We think that the jury in this case was entitled to consider the testimony of Patrolman Upright on the question of this defendant’s actionable negligence, and that they would be entitled, although not compelled, to find that Jones failed to keep a proper lookout, failed to keep his vehicle under control, and failed to exercise due care after he had seen or should have seen the Jennings’ vehicle enter the highway to avoid the collision that did occur.
“However, the driver on a favored highway protected by a statutory stop sign (G.S. 20-158) does not have the absolute right of way in the sense he is not bound to exercise care toward traffic approaching on an intersecting unfavored highway.

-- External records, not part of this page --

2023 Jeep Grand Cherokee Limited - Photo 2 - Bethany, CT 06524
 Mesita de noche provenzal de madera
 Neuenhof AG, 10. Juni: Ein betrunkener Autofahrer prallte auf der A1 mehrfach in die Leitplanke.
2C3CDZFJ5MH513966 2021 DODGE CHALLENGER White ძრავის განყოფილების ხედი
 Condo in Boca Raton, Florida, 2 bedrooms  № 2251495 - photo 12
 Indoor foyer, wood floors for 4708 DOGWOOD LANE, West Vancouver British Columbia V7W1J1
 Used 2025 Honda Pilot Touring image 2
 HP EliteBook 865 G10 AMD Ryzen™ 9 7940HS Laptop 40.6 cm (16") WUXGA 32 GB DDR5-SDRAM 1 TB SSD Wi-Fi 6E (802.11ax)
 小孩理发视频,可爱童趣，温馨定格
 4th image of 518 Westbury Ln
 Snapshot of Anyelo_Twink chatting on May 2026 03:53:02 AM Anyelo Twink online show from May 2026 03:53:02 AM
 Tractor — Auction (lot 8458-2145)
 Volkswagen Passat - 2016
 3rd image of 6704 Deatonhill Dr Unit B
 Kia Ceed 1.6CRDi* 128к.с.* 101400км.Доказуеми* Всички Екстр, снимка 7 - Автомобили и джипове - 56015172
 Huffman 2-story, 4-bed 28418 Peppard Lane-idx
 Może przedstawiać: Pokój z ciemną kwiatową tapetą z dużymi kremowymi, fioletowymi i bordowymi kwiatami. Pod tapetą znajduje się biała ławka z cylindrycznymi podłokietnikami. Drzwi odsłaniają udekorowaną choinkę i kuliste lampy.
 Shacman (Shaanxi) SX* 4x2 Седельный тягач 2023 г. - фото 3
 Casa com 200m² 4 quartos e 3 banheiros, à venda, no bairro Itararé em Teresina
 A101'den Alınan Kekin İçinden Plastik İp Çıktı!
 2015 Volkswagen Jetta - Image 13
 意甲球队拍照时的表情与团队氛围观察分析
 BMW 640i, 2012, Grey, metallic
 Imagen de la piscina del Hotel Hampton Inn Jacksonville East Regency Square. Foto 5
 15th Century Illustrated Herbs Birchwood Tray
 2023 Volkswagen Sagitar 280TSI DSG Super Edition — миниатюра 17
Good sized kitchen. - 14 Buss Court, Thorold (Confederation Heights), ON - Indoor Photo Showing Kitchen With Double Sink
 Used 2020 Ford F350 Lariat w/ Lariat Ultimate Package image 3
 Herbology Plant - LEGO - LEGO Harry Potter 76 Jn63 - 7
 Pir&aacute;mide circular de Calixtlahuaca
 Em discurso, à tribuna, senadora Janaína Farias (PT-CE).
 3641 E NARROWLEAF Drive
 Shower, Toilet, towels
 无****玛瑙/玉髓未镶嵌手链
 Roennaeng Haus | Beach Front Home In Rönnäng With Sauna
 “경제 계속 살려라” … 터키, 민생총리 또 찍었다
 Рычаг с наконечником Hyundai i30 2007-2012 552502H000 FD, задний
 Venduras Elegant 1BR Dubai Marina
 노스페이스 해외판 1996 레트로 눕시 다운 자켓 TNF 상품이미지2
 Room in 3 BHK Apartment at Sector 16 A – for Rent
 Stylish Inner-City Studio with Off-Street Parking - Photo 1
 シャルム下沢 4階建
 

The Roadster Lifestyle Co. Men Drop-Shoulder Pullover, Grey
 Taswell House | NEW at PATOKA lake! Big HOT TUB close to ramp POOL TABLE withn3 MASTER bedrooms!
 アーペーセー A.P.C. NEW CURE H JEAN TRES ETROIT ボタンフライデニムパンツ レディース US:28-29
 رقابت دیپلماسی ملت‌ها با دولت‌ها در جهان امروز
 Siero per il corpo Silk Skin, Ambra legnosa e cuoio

It is his duty, notwithstanding his favored position, to observe ordinary care, that is, that degree of care which an ordinarily prudent person would exercise under similar circumstances. In the exercise of such duty it is incumbent upon him in approaching and traversing such an intersection (1) to drive at a speed no greater than 'is reasonable and prudent under the conditions then existing, (2) to keep his motor vehicle under control, (3) to keep a reasonable careful lookout, and (4) to take such action as an ordinarily prudent person would take in avoiding collision with persons or vehicles upon the highway when, in the exercise of due care, danger of such collision is discovered or should have been discovered. (Citations omitted.) ”
For the foregoing reasons, we think that the trial judge in this case did not err in failing to grant the defendant Jones’ motions for directed verdict and judgment notwithstanding the verdict, as the evidence was sufficient to raise a legitimate inference of negligence.
Judges Morris and Parker concur.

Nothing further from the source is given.